Pero hay una que nos va a poner a todos de acuerdo en que se lleva el premio a la mayor de las jodiendas en lo que a la pérdida del anonimato se refiere. Esta pobre gente advierte de continuo que son objeto de la mirada de todo quisqui en todo momento y lugar más allá de los bunkers en los que convierten sus domicilios. En el bar, mientras compartes cháchara con amigotes, el resto del aforo te contará el número de cañas que te has pimplado; en el restaurante observarán si mezclas hidratos y proteínas (justo aquello que prohibía el libro de dietas de disociación que promoviste en aquella campaña televisiva); en tus conversaciones por el móvil se pasarán lista a tus tacos y malos modos sin que nadie sepa si al otro lado está la sexta llamada del comercial de ONO que sufres desde que te has levantado de la cama; en la playa diseccionarán el estado de tu mejorable físico sin aplicar atenuantes, como esa postura imposible que tuviste que adoptar cuando culminabas el foso del castillo junto con tu criatura; en el súper escudriñarán el tanto por ciento de comida precocinada que acopias sin importarles si es para tu piso de soltero. Un drama, visto sólo así en el mundo de lo hipotético. Qué decir de la tragedia que supone si se hace realidad.

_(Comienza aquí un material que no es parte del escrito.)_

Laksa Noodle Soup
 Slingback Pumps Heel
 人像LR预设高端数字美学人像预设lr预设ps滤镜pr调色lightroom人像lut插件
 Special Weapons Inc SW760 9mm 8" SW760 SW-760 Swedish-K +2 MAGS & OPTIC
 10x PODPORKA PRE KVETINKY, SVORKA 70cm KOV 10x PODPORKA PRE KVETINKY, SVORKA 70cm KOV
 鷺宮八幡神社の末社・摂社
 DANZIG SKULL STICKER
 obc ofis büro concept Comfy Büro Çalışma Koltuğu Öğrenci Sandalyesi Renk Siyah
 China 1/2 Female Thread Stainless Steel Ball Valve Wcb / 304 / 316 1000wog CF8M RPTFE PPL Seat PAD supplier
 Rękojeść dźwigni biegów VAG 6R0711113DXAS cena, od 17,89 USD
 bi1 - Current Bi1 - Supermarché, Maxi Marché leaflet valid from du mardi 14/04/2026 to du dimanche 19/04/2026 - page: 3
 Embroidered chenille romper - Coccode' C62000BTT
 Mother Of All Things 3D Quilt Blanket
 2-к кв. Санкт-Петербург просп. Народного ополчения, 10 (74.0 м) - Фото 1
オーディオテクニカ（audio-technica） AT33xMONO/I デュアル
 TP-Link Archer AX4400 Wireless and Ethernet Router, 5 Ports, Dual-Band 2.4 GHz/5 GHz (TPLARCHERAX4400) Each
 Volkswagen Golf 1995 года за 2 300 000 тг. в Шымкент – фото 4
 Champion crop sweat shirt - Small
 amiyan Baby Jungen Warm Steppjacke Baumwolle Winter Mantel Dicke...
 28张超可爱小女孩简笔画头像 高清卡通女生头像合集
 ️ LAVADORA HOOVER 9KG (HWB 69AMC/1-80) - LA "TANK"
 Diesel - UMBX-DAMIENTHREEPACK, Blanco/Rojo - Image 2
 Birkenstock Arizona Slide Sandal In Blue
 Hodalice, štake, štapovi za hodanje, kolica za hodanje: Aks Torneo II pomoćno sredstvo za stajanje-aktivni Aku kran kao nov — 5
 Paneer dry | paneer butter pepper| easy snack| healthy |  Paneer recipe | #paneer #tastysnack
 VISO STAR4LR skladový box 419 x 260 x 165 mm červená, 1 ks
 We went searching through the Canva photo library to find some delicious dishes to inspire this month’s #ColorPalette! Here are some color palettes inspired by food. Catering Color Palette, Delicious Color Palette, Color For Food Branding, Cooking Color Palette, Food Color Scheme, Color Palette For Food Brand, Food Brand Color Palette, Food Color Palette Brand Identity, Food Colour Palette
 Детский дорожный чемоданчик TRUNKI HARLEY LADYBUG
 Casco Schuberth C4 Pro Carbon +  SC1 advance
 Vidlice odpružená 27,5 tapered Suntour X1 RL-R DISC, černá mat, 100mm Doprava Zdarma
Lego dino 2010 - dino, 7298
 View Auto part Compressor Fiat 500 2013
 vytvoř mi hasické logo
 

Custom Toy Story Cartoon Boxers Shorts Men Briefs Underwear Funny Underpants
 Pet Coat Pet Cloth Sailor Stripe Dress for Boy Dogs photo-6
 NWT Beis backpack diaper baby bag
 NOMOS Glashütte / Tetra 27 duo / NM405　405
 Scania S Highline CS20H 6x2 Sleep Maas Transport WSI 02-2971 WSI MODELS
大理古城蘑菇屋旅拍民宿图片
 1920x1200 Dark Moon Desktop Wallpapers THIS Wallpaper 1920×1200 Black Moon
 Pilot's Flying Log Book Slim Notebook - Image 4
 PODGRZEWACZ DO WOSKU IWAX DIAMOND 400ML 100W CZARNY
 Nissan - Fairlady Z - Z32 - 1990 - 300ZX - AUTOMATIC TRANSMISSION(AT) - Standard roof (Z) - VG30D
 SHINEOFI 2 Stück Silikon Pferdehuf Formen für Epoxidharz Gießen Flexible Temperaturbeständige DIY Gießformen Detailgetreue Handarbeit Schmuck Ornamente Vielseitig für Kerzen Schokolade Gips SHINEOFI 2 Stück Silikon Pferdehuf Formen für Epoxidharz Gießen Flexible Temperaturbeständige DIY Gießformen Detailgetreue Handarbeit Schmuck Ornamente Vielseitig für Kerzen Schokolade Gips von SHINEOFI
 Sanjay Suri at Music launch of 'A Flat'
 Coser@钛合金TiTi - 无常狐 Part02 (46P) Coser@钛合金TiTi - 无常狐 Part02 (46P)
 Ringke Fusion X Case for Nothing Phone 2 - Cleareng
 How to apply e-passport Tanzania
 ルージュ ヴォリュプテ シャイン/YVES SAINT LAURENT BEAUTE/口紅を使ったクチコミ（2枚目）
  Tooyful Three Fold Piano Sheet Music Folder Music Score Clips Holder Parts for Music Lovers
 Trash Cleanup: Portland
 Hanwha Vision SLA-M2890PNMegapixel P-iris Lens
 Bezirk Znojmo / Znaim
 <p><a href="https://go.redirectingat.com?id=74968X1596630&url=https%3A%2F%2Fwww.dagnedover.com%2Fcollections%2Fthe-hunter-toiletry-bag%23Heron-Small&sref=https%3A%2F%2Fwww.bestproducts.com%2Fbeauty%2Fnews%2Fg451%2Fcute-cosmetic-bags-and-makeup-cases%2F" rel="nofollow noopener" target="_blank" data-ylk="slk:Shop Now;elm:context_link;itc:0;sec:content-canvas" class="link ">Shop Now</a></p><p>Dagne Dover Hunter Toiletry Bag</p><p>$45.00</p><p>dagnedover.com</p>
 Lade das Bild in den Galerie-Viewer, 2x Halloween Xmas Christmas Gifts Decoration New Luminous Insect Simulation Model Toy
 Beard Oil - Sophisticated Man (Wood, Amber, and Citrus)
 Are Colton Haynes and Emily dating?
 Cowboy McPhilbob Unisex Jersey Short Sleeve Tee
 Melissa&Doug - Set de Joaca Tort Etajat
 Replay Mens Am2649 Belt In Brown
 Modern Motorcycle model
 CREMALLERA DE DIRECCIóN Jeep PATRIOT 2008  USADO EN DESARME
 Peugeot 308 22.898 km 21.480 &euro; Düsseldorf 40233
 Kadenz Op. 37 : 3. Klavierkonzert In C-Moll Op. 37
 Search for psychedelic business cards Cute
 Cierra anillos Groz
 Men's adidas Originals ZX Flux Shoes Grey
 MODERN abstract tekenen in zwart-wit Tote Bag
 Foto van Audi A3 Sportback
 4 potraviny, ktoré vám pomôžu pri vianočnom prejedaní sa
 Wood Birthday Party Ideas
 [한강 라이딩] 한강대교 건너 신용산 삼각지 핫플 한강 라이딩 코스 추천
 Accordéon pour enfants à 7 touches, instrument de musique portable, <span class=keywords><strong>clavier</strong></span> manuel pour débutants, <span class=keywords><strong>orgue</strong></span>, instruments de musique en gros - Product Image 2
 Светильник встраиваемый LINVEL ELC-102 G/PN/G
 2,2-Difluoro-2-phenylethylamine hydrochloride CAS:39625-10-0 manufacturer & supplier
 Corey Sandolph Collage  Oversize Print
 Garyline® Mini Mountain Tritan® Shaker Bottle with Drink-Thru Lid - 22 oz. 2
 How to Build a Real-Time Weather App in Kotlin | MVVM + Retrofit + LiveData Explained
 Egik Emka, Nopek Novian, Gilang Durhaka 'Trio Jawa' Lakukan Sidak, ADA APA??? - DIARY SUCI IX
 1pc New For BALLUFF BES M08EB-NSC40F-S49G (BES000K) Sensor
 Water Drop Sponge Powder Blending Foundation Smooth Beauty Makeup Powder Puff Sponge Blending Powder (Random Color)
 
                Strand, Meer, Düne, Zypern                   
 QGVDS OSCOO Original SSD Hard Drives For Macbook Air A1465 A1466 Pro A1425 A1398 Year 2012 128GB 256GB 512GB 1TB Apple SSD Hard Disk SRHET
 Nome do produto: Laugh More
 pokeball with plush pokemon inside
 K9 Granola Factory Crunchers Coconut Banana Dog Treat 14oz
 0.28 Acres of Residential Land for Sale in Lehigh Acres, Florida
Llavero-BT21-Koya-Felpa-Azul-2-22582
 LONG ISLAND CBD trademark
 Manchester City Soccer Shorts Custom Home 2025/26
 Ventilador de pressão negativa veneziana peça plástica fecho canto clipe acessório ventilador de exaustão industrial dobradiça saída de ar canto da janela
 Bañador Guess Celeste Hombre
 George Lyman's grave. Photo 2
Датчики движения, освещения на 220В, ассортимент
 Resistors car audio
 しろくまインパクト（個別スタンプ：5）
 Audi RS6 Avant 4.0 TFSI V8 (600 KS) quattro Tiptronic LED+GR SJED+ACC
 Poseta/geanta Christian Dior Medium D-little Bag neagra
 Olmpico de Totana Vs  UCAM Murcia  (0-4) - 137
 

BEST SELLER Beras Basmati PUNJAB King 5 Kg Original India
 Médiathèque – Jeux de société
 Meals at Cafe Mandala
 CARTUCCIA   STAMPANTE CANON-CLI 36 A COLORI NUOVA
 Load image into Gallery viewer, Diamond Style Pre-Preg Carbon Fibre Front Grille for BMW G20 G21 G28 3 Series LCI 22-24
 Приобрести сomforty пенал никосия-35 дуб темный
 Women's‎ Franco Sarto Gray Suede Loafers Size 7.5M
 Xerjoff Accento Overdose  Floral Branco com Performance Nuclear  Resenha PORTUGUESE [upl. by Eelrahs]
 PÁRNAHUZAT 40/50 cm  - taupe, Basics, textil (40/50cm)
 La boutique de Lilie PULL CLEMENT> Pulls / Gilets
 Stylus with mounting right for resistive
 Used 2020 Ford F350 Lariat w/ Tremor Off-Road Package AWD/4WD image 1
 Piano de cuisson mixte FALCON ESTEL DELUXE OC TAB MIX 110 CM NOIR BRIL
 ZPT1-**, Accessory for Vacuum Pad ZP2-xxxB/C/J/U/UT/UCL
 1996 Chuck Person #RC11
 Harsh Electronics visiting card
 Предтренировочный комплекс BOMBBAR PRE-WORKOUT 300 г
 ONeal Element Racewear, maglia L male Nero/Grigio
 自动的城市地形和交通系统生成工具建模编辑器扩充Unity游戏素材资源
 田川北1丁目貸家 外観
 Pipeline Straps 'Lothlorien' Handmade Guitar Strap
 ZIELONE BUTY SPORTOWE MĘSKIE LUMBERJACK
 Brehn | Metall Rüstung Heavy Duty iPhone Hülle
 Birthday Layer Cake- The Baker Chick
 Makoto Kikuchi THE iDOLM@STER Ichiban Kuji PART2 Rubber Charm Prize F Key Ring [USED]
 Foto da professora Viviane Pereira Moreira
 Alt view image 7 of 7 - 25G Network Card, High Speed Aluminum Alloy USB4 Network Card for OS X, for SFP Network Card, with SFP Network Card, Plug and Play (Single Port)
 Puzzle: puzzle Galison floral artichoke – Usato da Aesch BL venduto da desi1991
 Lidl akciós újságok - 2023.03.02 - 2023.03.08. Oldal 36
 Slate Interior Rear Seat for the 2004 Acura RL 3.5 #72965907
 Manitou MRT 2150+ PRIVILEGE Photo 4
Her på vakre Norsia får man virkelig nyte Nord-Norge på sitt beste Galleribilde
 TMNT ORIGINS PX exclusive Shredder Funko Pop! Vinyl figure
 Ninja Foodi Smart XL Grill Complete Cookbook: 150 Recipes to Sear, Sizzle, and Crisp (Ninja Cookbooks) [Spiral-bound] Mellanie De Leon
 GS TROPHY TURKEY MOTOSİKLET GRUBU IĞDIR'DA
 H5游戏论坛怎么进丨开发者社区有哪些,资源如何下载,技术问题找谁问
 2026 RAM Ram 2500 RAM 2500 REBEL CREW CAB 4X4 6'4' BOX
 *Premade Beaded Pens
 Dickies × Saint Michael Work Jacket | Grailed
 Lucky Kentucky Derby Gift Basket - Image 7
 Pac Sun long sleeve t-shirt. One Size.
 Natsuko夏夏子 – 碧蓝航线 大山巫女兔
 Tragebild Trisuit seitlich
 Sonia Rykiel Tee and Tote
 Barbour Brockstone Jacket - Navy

Esta mañana las puertas del cole han sido de nuevo un hervidero de padres ansiosos por soltar su ganado. Debe ser lo habitual durante las primeras semanas de curso, momento en el que todavía se convive con la ilusa utopía de dejar a la prole y llegar en punto al curro. Costumbrismo al margen, hoy se percibía una peculiaridad. Los progenitores de género masculino hemos acudido especialmente cabizbajos, algo que estaba cantado que así iba a ocurrir desde que ayer a la noche el telediario se hiciera eco de un nuevo estudio científico que nos deja a los varones a los pies de los caballos o con los huevos colgando, para hablar con propiedad. Al parecer unos investigadores de una universidad de Atlanta nos han explicado, y están dispuestos a acreditar espero que con su propio ejemplo de sujetos que se cayeron en el ponche del baile de fin de curso mientras el fornido deportista se ventilaba a la animadora debajo de la mesa para escarnio merecido del científico gafasdepasta, decía que nuestros amigos de la tierra de la coca cola y de la CNN sostienen que el tamaño de las canicas que conservamos en la bolsa escrotal determina el empeño que ponemos los varones en el cuidado de la prole. La cagamos, de un plumazo dejaremos de ser ese padre enrollado y co-responsable, que sí, que no vale un pimiento, pero que mira cómo trae a la niña de mona por las mañana. Todo ello para terminar siendo el mismo sujeto despreciable con los atributos colgantes del del Manneken Pis. Zaherido el orgullo y despedazado el raquítico listado de los activos de cada cual, para mas inri nos hemos sentido observados con la misma intensidad con la que nosotros miraríamos el escote de Mónica Belucci, pero con una dosis extra de merecida risa burlona. Y es precisamente esto ultimo lo que no vamos a perdonar a esta ciencia dogmática encargada de jodernos la vida a costa de borrar el libre albedrío de nuestros comportamientos, concepto aglutinador de nuestras numerosas taras pero también de nuestros pocos méritos, en pos de un determinismo insufrible. Para esta liberación nos quedábamos sin duda con los dogmas del hombre del espacio, bastante menos humillantes y, sobre todo, llevaderos en la clandestinidad de cada cual.